My father was born with gills and webbed feet, the son of a mermaid and a merchant marine. The earliest photograph of him I have seen was a grade school portrait, which suggests those features — the gills, at least — atrophied as he got older, for they were nowhere to be seen by then. For the entirety of his life, though, as with any creature born of the sea, my father would remain drawn to water and all things aquatic. At eighteen, he enlisted in the United States Navy, where whatever vestigial toe-webbing remained would have been perceived as an asset. He dove freely into untested waters, canoed down rolling river rapids, fished with nets. He collected seashells and coral. He kept tropical fish. I remember the way he'd whisper to them while sprinkling in their food, inviting them to dinner by invoking their secret names: to him they were not angelfish, gourami, or tetra but Streamer-Tail, Little Bubble-Maker, Prism-Darter. They were his piscine friends, exiles from the same kingdom, and they kept him company in his home on dry land.
Of course he owned vessels — a fifteen-foot aluminum canoe, an inflatable raft, a small sailboat. These were the only way my mother and I could accompany him on his watery communions. Creatures of terra firma is what she and I were — awed by the shadowy ubiquity of water in the world, shaky on deck, barely submersible.
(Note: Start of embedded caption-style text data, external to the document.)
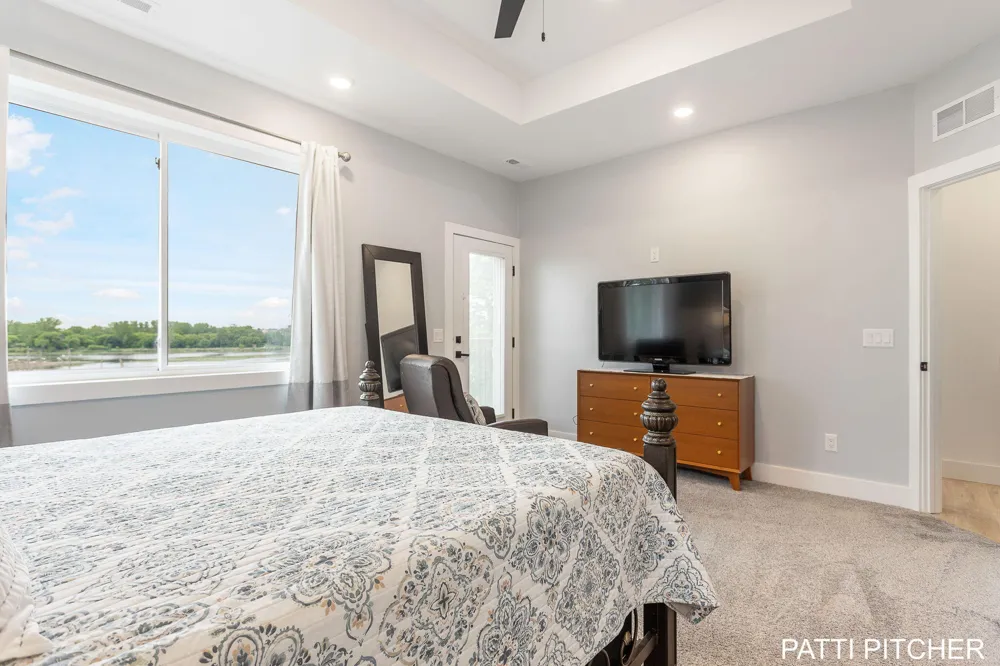 104 River Hills Drive Holland Charter Township, MI 49424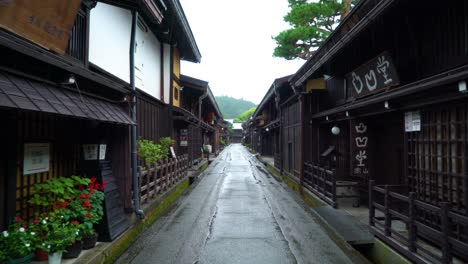 Eine-Fahrzeugmontierte-Kamera-Nimmt-Aufnahmen-Auf,-Während-Sie-Eine-Verregnete-Sanmanchi-Suji-Straße-In-Takayama,-Japan,-Entlang-Fährt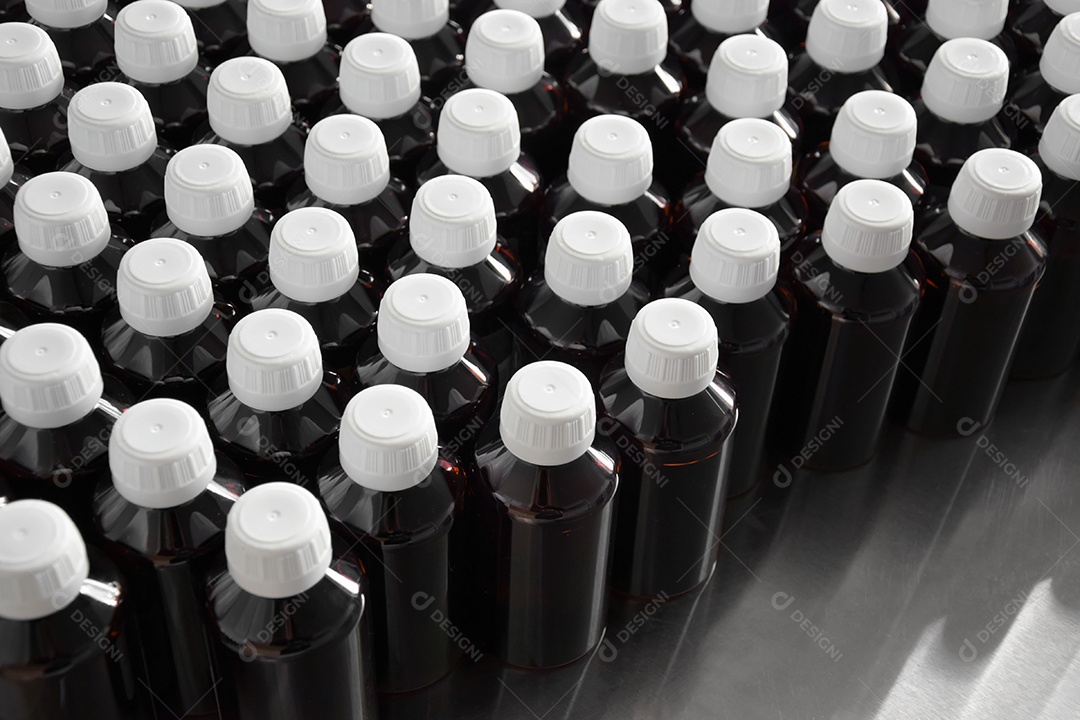 Frasco de remédio de plástico em fabrica sobre fundo branco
My father was our fearless captain, ready to brave the storms and show us landlubbers there was little to fear from the murky depths. When he would change tack to head into a squall, or paddle us towards the rocks, we had to wonder whether he hadn't momentarily forgotten our handicap. But always he brought us through, dampened by the spray, most likely, but quite alive. Being with him in the presence of water meant knowing fervency for life; his enthusiasm was contagious.
We towed the sailboat with us one year, on a family vacation to the Florida Keys, when I was a boy. Our first night at the coast, my mother and I slept in the van. Displaying uncharacteristic childlike eagerness, my father spent the night in a sleeping bag on deck, docked in the marina a few hundred feet away. Mosquitoes, of course, left him unmolested. It was blood they craved, not the clear salinity of what his veins pumped. As the sun rose from the center of the Atlantic, Mum and I stumbled salty-eyed into the morning. We found my father already unmoored, gliding aimlessly around the marina on a steady wind he'd been loath to let pass unavailed. He waved to us. There was no telling how long he'd been out. He had to have woken at least an hour before dawn, in order to have time to erect the mast and secure the rigging. Out on the blue, his sails were brimming, his smile gleamed.
The day was long and humid, and by late afternoon had given way to the slate horizon of an impending storm. Since that morning we'd been skirting the coastline. Because we had no radio, no compass, no map — indeed, no navigational equipment of any sort (what kind of an adventure would it have been, otherwise?) — we dropped anchor off a tiny, sandy island with a sliver of clear beach large enough to pitch our tent and light a cookfire. We ate thin vegetable soup with crackers and nibbled on roasted peanuts. The soup scalded my tongue as I sipped too eagerly from a battered tin cup. When the rain came, at first with uncertainty, we retreated but left the tent flaps open so we could watch the clouds tumble and the far-off waves clash. I fell asleep to the popping of fat drops on the canvas and the thick air of our gradually smoldering fire. I dreamt of wild seas.
In the small hours, the three of us awoke startled. The tide was coming in. It lapped inches from the front of the tent. Already the remains of the fire had been swallowed; now, ever hungry, the water was reaching for us. Pattering rain kept on as we hurriedly pulled stakes and carried our shelter several feet back, to the tree line. As the beach gradually disappeared, we looked on, unsure if the high ground we'd claimed would be high enough to avoid a late night escape back to our boat. I fell back asleep eventually, as did Mum, but Papa was vigilant. His silhouette at the front of the tent reassured me when I woke again, later, to the sound of his whispered supplications to the waves.
The scene at dawn was much different. By that time the tide had gone out so far that it had stranded the boat, dry and resting pitifully at an angle, on its keel. Seaweed draped the line to the shore, imparting a look of abandonment, like a ghost ship in spite of its cheerful blue hull. Not knowing when the waters would again rise, my father set to work righting her, the way people attend to a beached whale. Now pushing, now rocking, now patting her belly, he coaxed the boat back into her element.
Packed in and hungry, we set course for the mainland beyond our horizon. Arcane sailor knowledge or natant instinct guided my father at the tiller as he steered us toward the marina from which we'd put out. The wind that morning was robust and consistent. I stood aft of the small cabin, catching briny air in my nostrils. In my ears was nothing but that whooshing roar. Then Papa said something indistinct and my mother laughed. I turned, hoping to hear. They were smiling — such wide, open smiles! — and with the sun radiant on his face I watched my father draw a deep, contented breath, and surveyed his neck and jawline for the row of fishy slits I knew just had to be there.